Esta misma semana, en la que ha salido de la cárcel -dejando en ella su dignidad- el que pudo ser rey de Italia, han sido condenados a distintas penas de prisión, también por escándalos de corrupción y tráfico de influencias personajes españoles como Javier de la Rosa y Diego Prado y Colón de Carvajal. Periodistas como Jesús Cacho y José García Abad han apuntado sin disimulo a las graves repercusiones de estas condenas, y de otras que vendrán o que deberían haber venido, en la familia real española. Don Juan Carlos está para muchos españoles más allá del bien y del mal, pero en su nombre y sin desmentidos se hacen y se han hecho negocios no siempre claros y en todo caso siempre antiestéticos.
La nobleza y la monarquía tienen un origen histórico, una regulación histórica y unas obligaciones históricas. La institución puede ser, además, funcional en un Estado moderno. Pero si renuncia a sus normas históricas -y el pretendido cambio en la sucesión monárquica aún dará muchos quebraderos de cabeza, si es que llega a concretarse- y renuncia a su primer deber histórico, que es la ejemplaridad, no puede pretender la adhesión del pueblo, como se ve en Italia.

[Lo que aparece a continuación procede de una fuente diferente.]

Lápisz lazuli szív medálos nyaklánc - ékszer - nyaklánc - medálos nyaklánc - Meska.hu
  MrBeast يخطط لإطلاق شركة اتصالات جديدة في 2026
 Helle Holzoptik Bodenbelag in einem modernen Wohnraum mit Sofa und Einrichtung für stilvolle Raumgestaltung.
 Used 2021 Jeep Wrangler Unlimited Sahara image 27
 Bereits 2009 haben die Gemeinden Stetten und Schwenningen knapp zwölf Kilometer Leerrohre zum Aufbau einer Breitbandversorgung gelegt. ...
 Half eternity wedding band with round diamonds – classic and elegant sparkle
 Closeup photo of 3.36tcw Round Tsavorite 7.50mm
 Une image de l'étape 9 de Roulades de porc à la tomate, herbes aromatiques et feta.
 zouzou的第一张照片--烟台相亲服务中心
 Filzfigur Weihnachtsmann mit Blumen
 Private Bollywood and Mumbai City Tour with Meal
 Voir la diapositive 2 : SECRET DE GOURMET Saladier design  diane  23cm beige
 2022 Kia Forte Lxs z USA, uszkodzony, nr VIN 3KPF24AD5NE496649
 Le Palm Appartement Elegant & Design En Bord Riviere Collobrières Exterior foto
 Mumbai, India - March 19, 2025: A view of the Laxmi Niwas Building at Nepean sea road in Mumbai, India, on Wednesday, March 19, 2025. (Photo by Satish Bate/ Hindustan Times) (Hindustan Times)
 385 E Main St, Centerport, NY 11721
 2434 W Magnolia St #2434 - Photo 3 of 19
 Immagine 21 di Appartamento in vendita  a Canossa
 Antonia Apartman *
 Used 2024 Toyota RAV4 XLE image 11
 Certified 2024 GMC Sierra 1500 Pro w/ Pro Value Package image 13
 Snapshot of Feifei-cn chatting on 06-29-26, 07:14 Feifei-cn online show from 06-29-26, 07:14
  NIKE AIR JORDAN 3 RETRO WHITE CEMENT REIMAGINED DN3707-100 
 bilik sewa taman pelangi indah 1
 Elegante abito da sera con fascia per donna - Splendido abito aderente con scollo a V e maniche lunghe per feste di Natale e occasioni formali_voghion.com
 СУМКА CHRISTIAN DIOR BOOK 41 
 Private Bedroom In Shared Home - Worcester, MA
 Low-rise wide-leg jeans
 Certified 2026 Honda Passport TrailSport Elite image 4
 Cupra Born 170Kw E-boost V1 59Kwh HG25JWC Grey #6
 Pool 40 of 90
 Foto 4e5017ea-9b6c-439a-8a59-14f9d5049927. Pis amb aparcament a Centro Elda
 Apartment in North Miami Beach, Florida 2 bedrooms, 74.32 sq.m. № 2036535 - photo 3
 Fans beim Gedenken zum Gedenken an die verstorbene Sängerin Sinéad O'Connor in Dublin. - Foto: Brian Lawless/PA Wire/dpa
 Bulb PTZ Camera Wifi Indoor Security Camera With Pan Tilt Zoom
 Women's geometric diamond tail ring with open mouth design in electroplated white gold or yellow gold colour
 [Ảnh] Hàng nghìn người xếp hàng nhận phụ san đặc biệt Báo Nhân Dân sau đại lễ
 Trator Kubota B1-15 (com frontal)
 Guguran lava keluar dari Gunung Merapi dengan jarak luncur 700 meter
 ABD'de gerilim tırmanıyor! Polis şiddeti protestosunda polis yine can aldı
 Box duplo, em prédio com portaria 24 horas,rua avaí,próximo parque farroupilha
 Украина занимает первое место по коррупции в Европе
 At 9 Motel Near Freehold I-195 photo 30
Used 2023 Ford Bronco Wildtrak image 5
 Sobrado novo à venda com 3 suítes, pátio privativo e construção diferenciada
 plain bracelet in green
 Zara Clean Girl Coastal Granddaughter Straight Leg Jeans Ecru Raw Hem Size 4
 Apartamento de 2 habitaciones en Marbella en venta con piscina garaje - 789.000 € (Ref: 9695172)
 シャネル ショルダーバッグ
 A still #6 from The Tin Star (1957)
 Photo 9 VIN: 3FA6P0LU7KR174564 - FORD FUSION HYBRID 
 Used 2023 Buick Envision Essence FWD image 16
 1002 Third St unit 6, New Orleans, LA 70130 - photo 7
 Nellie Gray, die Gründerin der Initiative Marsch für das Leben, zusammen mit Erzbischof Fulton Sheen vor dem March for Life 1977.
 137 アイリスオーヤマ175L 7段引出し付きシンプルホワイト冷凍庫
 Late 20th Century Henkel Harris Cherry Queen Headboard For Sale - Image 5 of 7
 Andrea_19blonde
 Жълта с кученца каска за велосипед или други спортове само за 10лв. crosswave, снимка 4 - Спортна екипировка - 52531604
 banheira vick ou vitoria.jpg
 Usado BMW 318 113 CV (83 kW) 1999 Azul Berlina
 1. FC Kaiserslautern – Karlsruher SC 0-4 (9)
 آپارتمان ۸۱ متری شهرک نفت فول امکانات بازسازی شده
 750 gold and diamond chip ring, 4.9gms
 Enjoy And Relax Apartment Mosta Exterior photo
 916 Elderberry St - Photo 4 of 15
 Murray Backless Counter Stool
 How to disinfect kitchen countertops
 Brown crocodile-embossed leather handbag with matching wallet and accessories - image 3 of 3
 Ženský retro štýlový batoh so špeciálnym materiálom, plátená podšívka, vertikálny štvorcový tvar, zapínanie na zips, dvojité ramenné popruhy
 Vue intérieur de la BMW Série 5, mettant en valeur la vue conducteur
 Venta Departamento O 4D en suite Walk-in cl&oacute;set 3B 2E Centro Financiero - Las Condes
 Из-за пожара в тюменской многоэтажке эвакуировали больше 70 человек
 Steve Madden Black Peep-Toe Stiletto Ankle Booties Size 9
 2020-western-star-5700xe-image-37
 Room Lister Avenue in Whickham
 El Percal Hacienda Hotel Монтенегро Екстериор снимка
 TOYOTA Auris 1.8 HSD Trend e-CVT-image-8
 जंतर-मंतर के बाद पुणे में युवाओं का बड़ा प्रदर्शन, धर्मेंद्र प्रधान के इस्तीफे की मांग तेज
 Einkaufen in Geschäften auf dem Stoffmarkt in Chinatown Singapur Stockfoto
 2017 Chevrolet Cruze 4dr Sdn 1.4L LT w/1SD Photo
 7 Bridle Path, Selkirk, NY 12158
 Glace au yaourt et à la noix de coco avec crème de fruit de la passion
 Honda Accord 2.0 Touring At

Vivimos tiempos de crisis. En 1808 la familia Borbón demostró su indignidad ante Napoleón en Bayona, cediendo la soberanía a cambio de prebendas personales. Y de esto fue tan culpable Fernando VII como su padre Carlos IV y su hermano don Carlos María Isidro. El resultado de tanta bajeza es bien conocido. Dos siglos después Juan Carlos I, don Felipe y doña Letizia tienen en sus manos evitar a su dinastía una vergüenza como la que vemos en Italia, y tienen el deber de ahorrarnos otro espectáculo colectivo degradante. Los Saboya han llegado tan bajo por una peculiar combinación de traición al pueblo y de degeneración moral. En España, mientras tanto, la izquierda que recibe sonrisas envía cada vez más manifestantes republicanos, y la derecha -maltratada desde Maura hasta Aznar- calla. Por ahora.
Por Pascual Tamburri Bariain, 29 de junio de 2006.
Publicado en El Semanal Digital.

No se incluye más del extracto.